Nell’estate del 1952, due giovani di Buenos Aires, decidono di partire in motocicletta, in una malmessa Norton 500 che ben presto li lascerà appiedati, per un grande giro in tutta l’America Latina: attraverseranno l’Argentina, il Cile, il Perù fino a Cuba. Sono animati dalla passione tutta giovanile per il viaggio, un viaggio che li porterà tra genti e luoghi diversi, dalla pampa alle altezze del Machu Picchu, tra le meraviglie della misteriosa civiltà Inca: «Gli Inca conoscevano l’astronomia, la medicina, ma non avevano le armi come i conquistadores. Come si sarebbe evoluta questa terra se non fossero stati annientati?» – si chiedono i due giovani commossi. Il viaggio diventerà una vera e propria presa di coscienza politica, nell’acquisizione delle ingiustizie sociali, della miseria, della malattia per povertà, dell’unità nella diversità etnica di tutto il popolo latino-americano. Del resto i due giovani sono Alberto Granado (Rodrigo de la Serna) ed Ernesto Guevara (Gael Garcia Bernal), trentenne il primo, di sette anni più giovane e prossimo alla laurea in medicina il secondo. Un
Che
preiconico, ancora confuso per il suo avvenire, se non in una vaga aspirazione a fare qualcosa di utile per gli altri.

Intelligentemente il regista Walter Salles, che nell’ultimo istante del film inquadra come è oggi a Cuba il sopravvivente Granado, un simpatico cartapecorico ottantenne, non ci mostra nessuna delle sfruttate immagini del Guevara sessantottino e post: il
Che
ancora non c’è. Un merito per lo meno commerciale (e il produttore Robert Redford deve aver contribuito in tal senso) è quello di aver costruito questo road movie sudamericano ricco di istanze politiche «estreme», senza calcare troppo le tinte della denuncia rivoluzionaria, lasciandola emergere come afflato romantico nella sensibilità dei due giovani. Così il film è, soprattutto nella prima parte, un divertente excursus di avventure di viaggio, tra incidenti di motocicletta, incontri di ragazze, fughe precipiti e penuria di soldi. E lentamente, tra il susseguirsi di episodi divertenti, affiora come una nebulosa la volontà dell’impegno sociale. Per cui il film diventa, con un garbo che ne costituisce anche il limite, quello che in narrativa si chiama Bildungsroman, ovverosia romanzo di formazione, e riesce a conservare il fascino ingenuo dei «taccuini di viaggio di Che Guevara», da cui è tratto.

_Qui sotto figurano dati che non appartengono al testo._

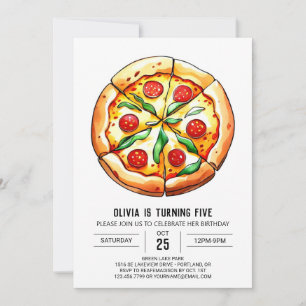 Invitation Elégante pizza imprimable Anniversaire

Questa leggerezza di tocco, che si traduce nella scelta delle immagini e degli episodi tutti linearmente colti, si chiude con l’evento conclusivo più determinante, la visita e il soggiorno dei due giovani tra i pazienti di un lebbrosario. Qui, a contatto con la dolcezza dei malati e il loro isolamento – il fiume separa i sani dai malati – il giovane Ernesto non sa più cosa fare, se laurearsi in medicina o prendere un’altra strada, quella che conosciamo e che il pistolotto politico ai malati ci indica. Purtroppo questa parte finale è anche la più debole del film perché il regista, che sapevamo altrove molto caramelloso
(Central do Brasil),
esagera nell’agiografia e finisce per costruire un’immagine del giovane Guevara come un santino o una figura della propaganda di regime: lui che si prodiga per tutti, guarisce i malati, li raggiunge a nuoto nonostante il suo asmone e incanta tutti con la sua bontà e schiettezza, perfino le suore reazionarie. Disumano, troppo disumano.